[What to work on] Would you restate every entry below word for word? Leave out the pictures.

[Web page caption snippets]
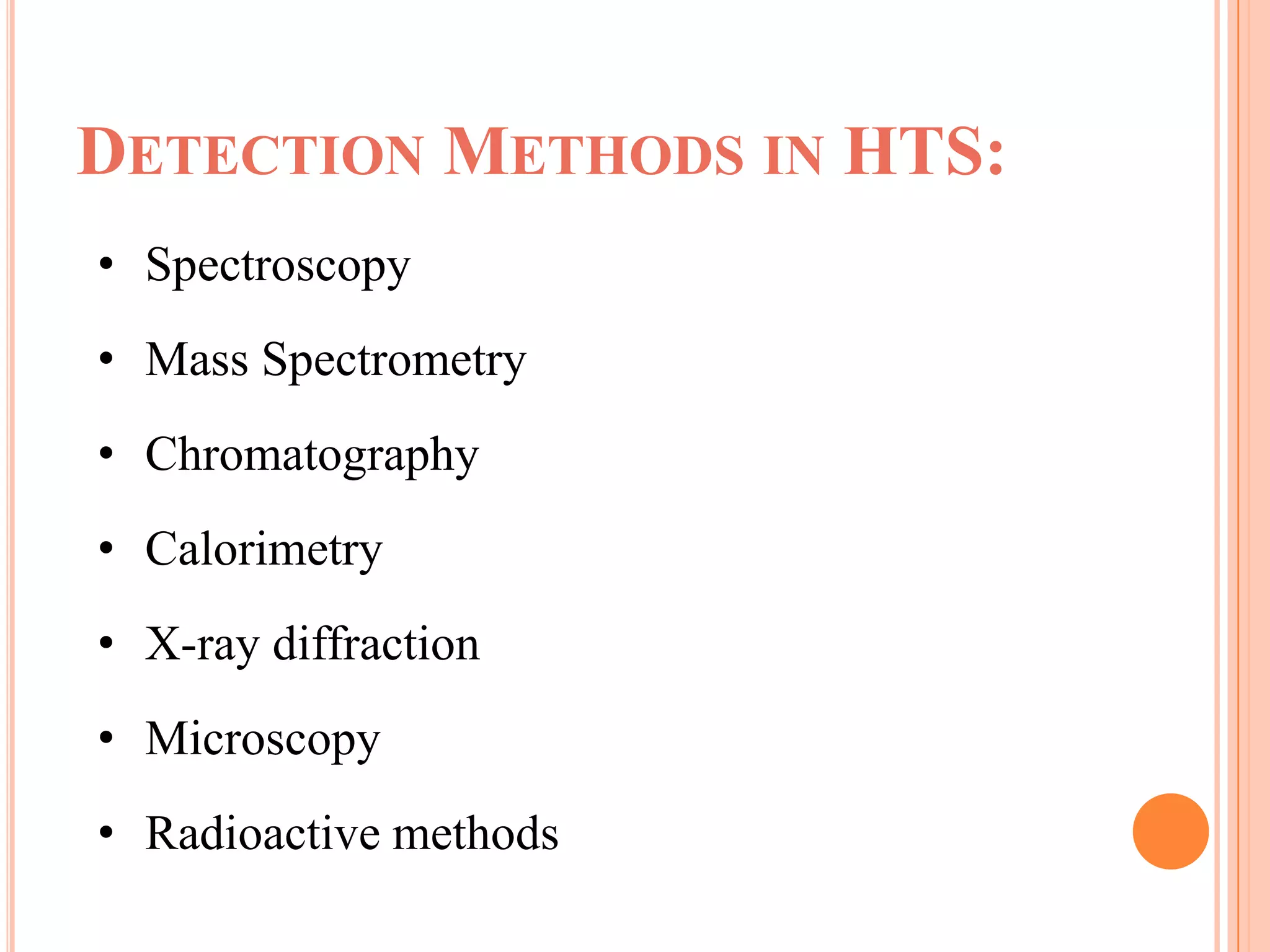 DETECTION METHODS IN HTS:
• Spectroscopy
• Mass Spectrometry
• Chromatography
• Calorimetry
• X-ray diffraction
• Microscopy
• Radioactive methods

[Problem solution]
 DETECTION METHODS IN HTS:
• Spectroscopy
• Mass Spectrometry
• Chromatography
• Calorimetry
• X-ray diffraction
• Microscopy
• Radioactive methods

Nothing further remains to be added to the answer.